§ WHAT YOU NEED TO DO
After locating the line with "전남도, 재택의료센터 확대로 방문 의..." in the entries below, output it and each following line up to and including the line with "Sazonalidades 2022: como", exactly and without pictures.

§ DATA TO PROCESS
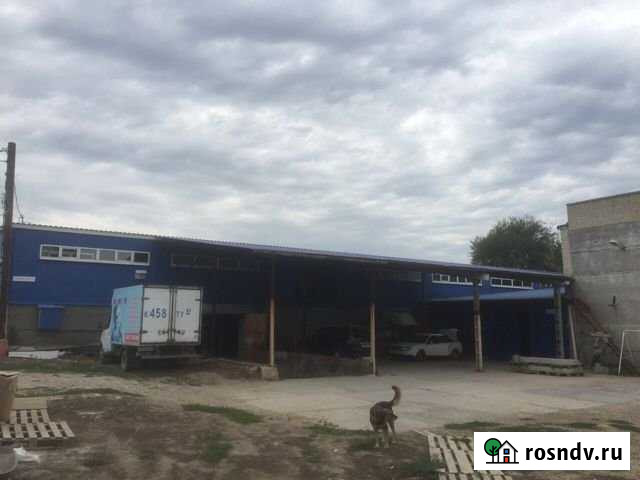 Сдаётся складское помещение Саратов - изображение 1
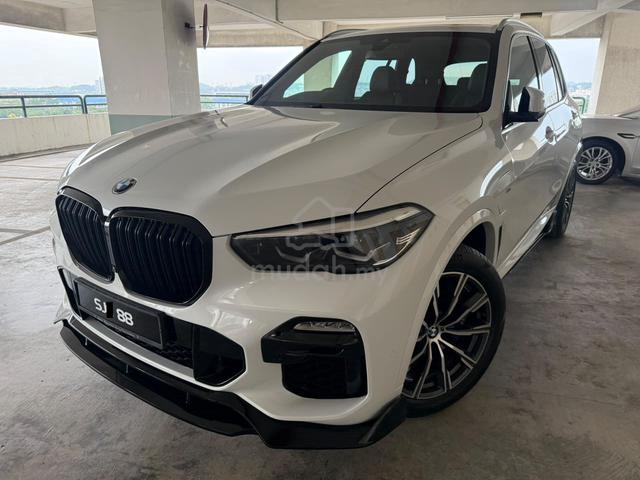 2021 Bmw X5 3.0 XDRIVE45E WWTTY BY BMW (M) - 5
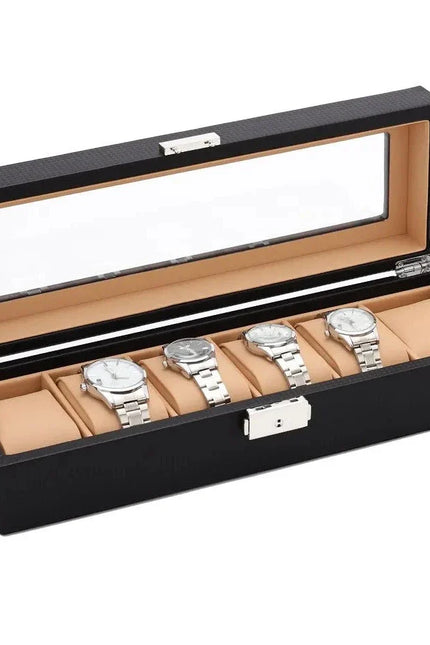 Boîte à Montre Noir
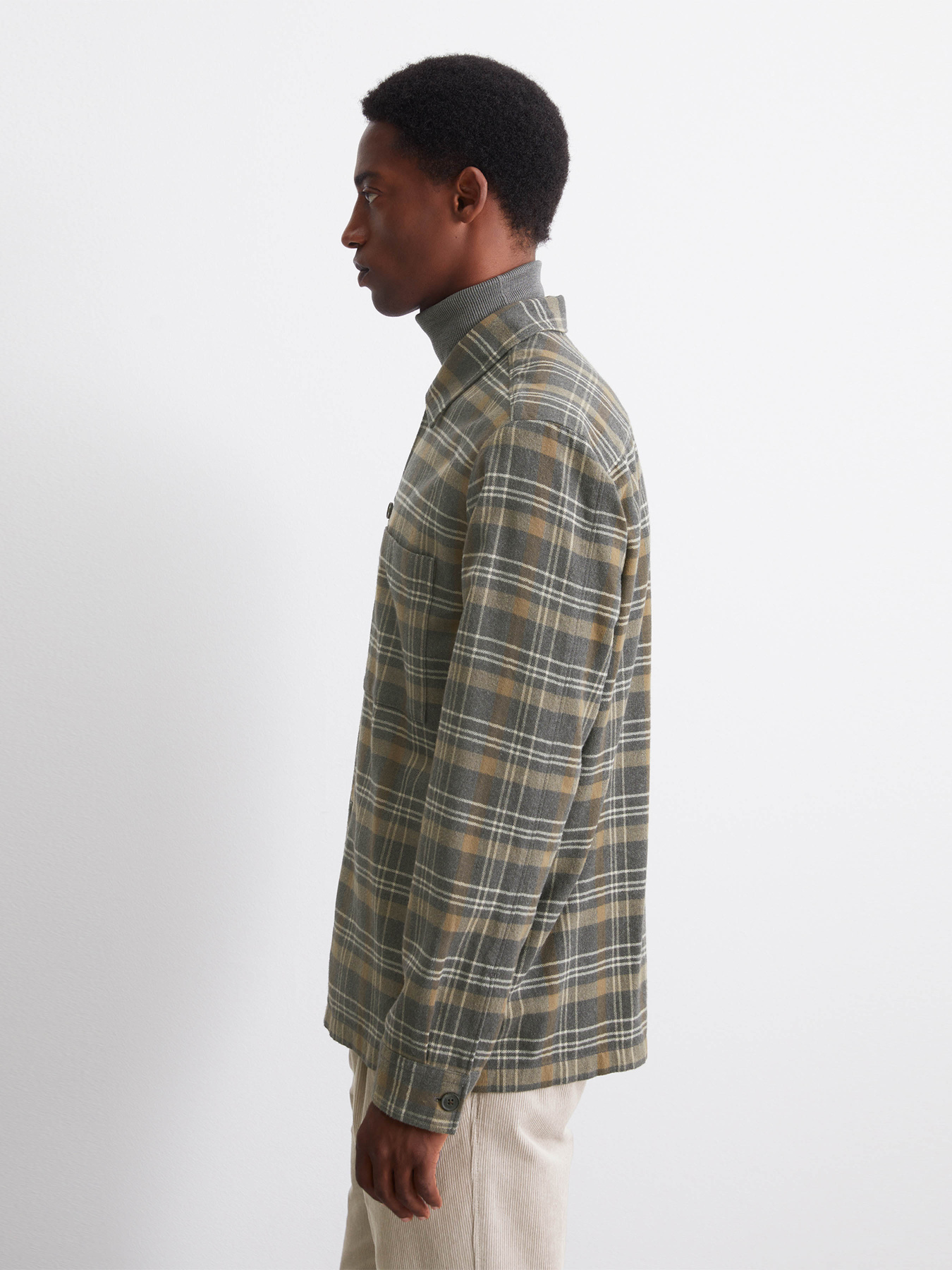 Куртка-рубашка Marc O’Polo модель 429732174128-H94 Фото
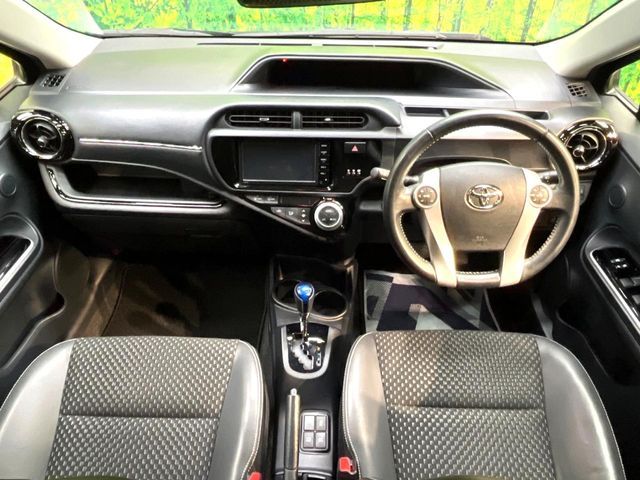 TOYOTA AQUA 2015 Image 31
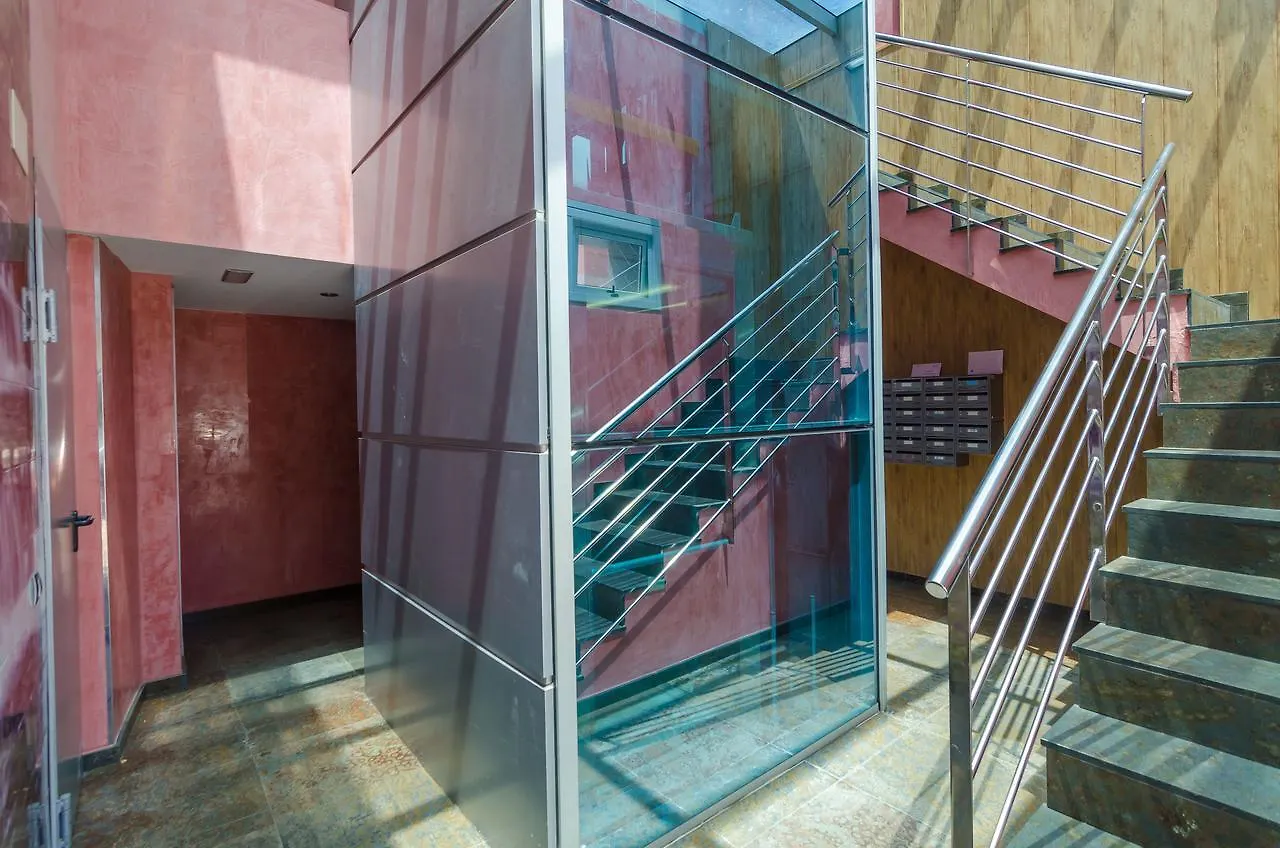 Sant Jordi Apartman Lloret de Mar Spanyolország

==

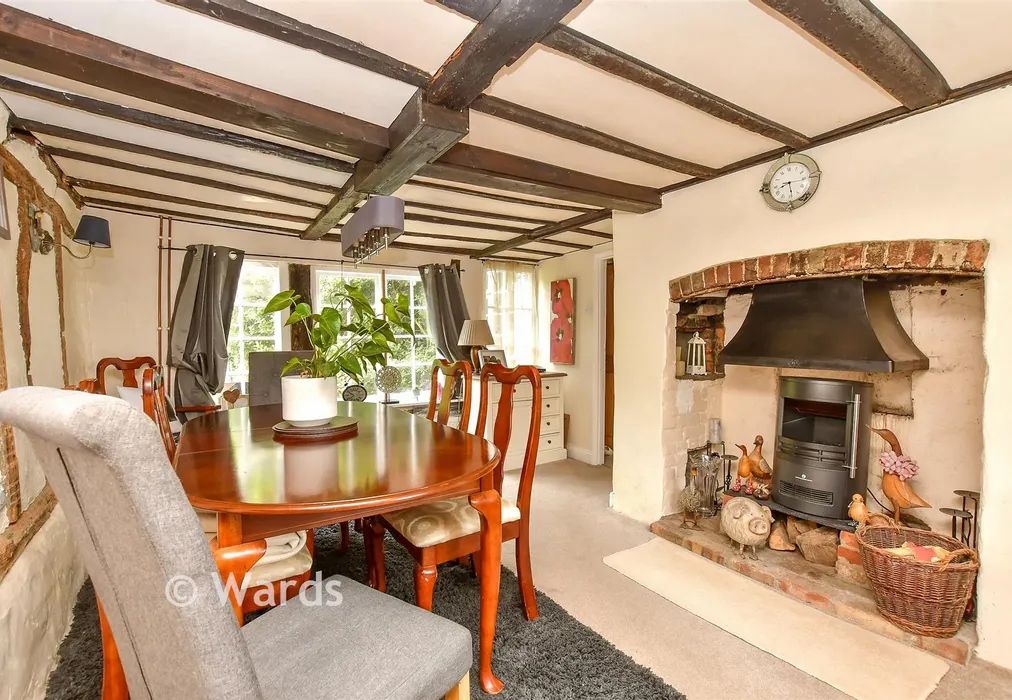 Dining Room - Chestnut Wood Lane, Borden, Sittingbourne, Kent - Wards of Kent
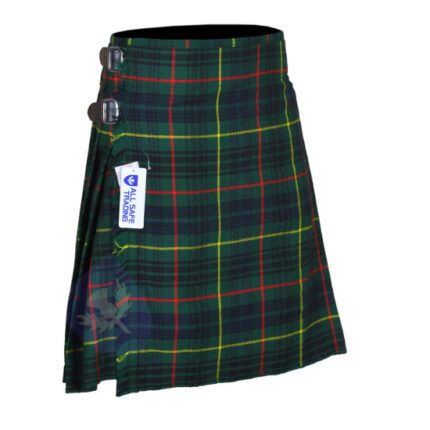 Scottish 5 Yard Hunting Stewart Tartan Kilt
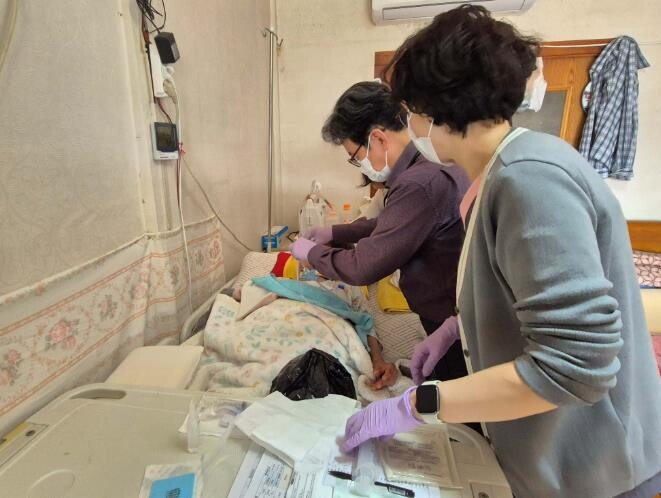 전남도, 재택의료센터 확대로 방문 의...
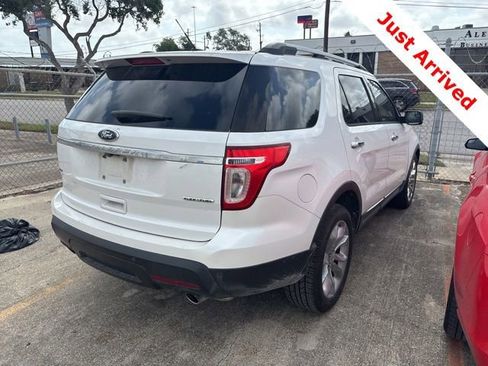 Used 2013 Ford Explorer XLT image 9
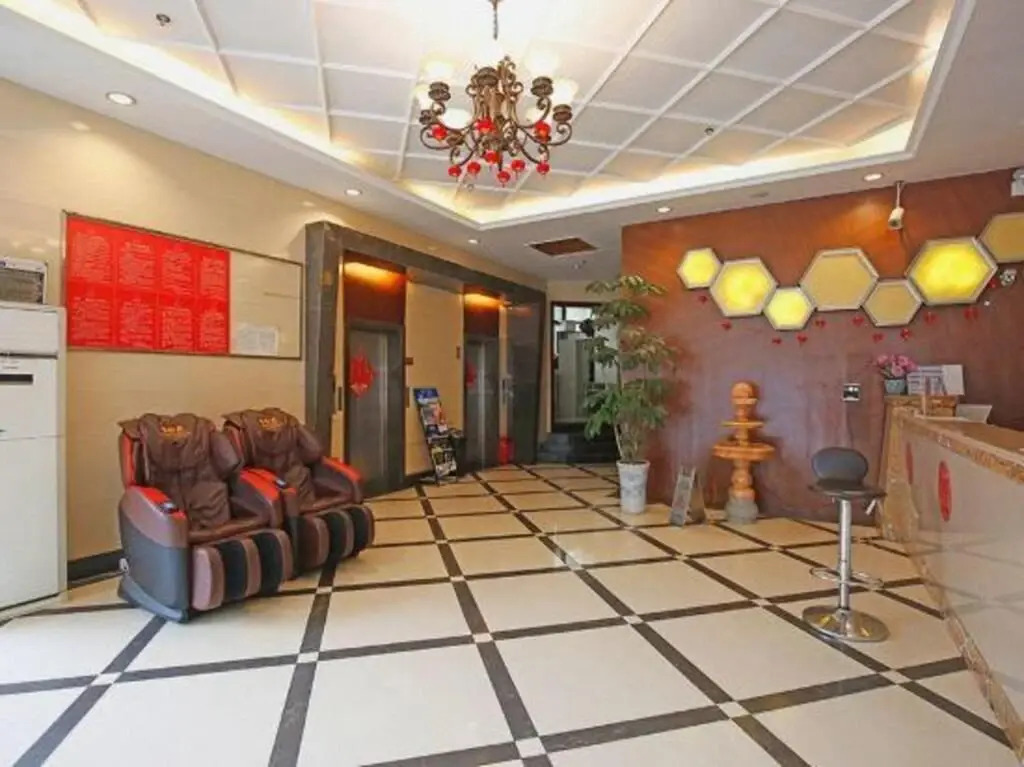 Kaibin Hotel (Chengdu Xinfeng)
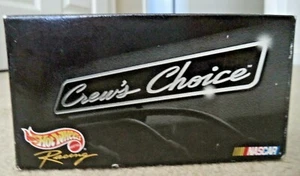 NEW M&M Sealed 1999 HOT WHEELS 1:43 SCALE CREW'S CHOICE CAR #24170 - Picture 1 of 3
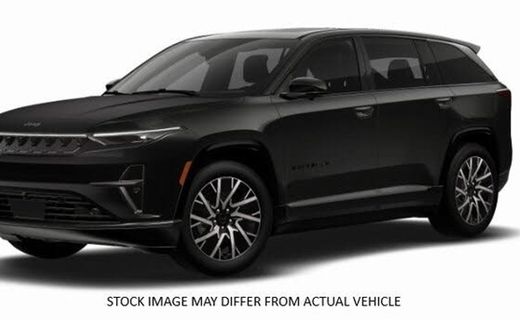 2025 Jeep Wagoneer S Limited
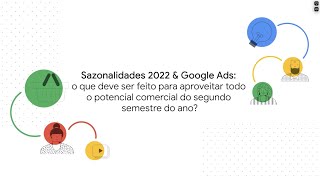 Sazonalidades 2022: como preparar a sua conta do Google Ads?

§ RESPONSE AREA
 전남도, 재택의료센터 확대로 방문 의...
 Used 2013 Ford Explorer XLT image 9
 Kaibin Hotel (Chengdu Xinfeng)
 NEW M&M Sealed 1999 HOT WHEELS 1:43 SCALE CREW'S CHOICE CAR #24170 - Picture 1 of 3
 2025 Jeep Wagoneer S Limited
 Sazonalidades 2022: como preparar a sua conta do Google Ads?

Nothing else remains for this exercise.